Average path length - shortest_distance=2147483647

P-M · August 24, 2016, 3:40pm

I am trying to find the average shortest path length for my network. I am
currently trying to find it by running dist = gt.shortest_distance(g) and
then finding the average of the results. I however find that for a lot of
distances I get the value "2147483647" which is seemingly imposisbly large
for my network and crops up in the example results in the documentation too
(I only have 718 vertices and 979 edges in my graph). Does this value have a
special significance? Does it mean there is no path between the given
vertices?

Also, seeing as there is no reference to it in the documentation I presume
that this algorithm has not been parallelised?

Giuseppe_Profiti · August 24, 2016, 4:29pm

The value 2147483647 is the maximum possible 32 bits integer.
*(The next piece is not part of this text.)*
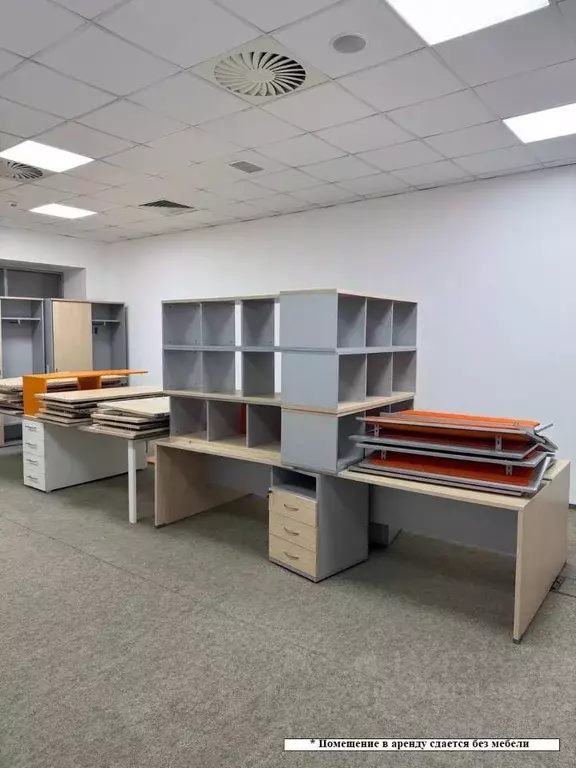 Помещение свободного назначения в Татарстан, Набережные Челны ул. ... - Фото 2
Then I
think it is used as Infinity (since there is no greater value),
meaning that there is no path between two vertices.
you can see the value also in the example in the documentation:

https://graph-tool.skewed.de/static/doc/topology.html#graph_tool.topology.shortest_distance

Best,
Giuseppe

2016-08-24 17:40 GMT+02:00 P-M <pmj27(a)cam.ac.uk>:

tiago · September 5, 2016, 9:42am

https://graph-tool.skewed.de/static/doc/topology.html#graph_tool.topology.shortest_distance

This is correct. This value is used to mark that there are no paths
between the nodes.

Best,
Tiago

haiko.lietz · March 3, 2023, 10:17pm

Dear all,

a quick follow-up in this thread: When I store the shortest path length for all node pairs in a connected undirected graph g like this

dist = gt.shortest_distance(g)

how can I obtain the average shortest path length without (a) looping through dist and (b) counting the zeros in the diagonal?
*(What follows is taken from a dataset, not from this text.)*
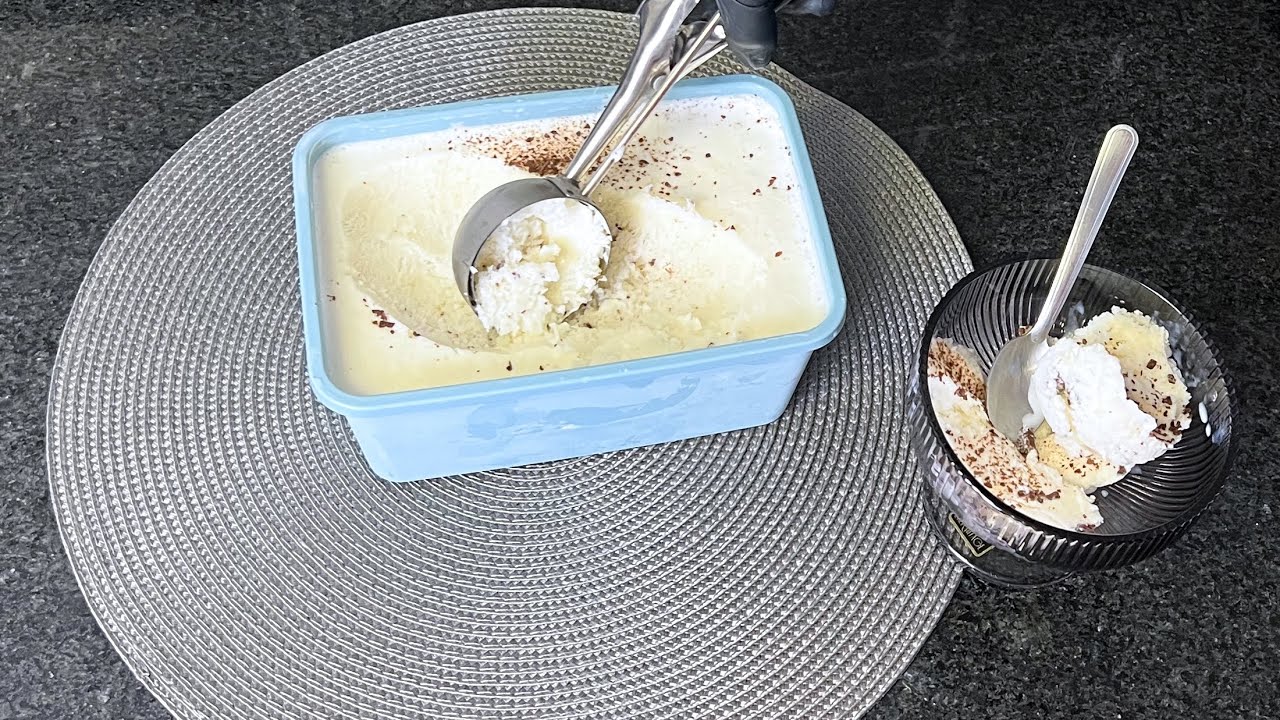 O sorvete caseiro cremoso de flocos é fácil, delicioso e perfeito para refrescar. Aprenda essa...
There must be something faster than a for loop…

Best wishes

Haiko

tiago · March 4, 2023, 12:34pm

You can get a 2D array from a vector-valued property map with get_2d_array(). The following two computations are equivalent:

g = extract_largest_component(GraphView(collection.data["polblogs"], directed=False), prune=True)
dist = gt.shortest_distance(g)
N = g.num_vertices()
print("average distance:", mean([dist[v].a.sum()/(N-1) for v in g.vertices()]))
d = dist.get_2d_array(arange(N))
print("average distance:", d.sum() / (N*(N-1)))

But note that the first computation is actually faster than obtaining the 2D array and then summing all the elements, despite the python loop!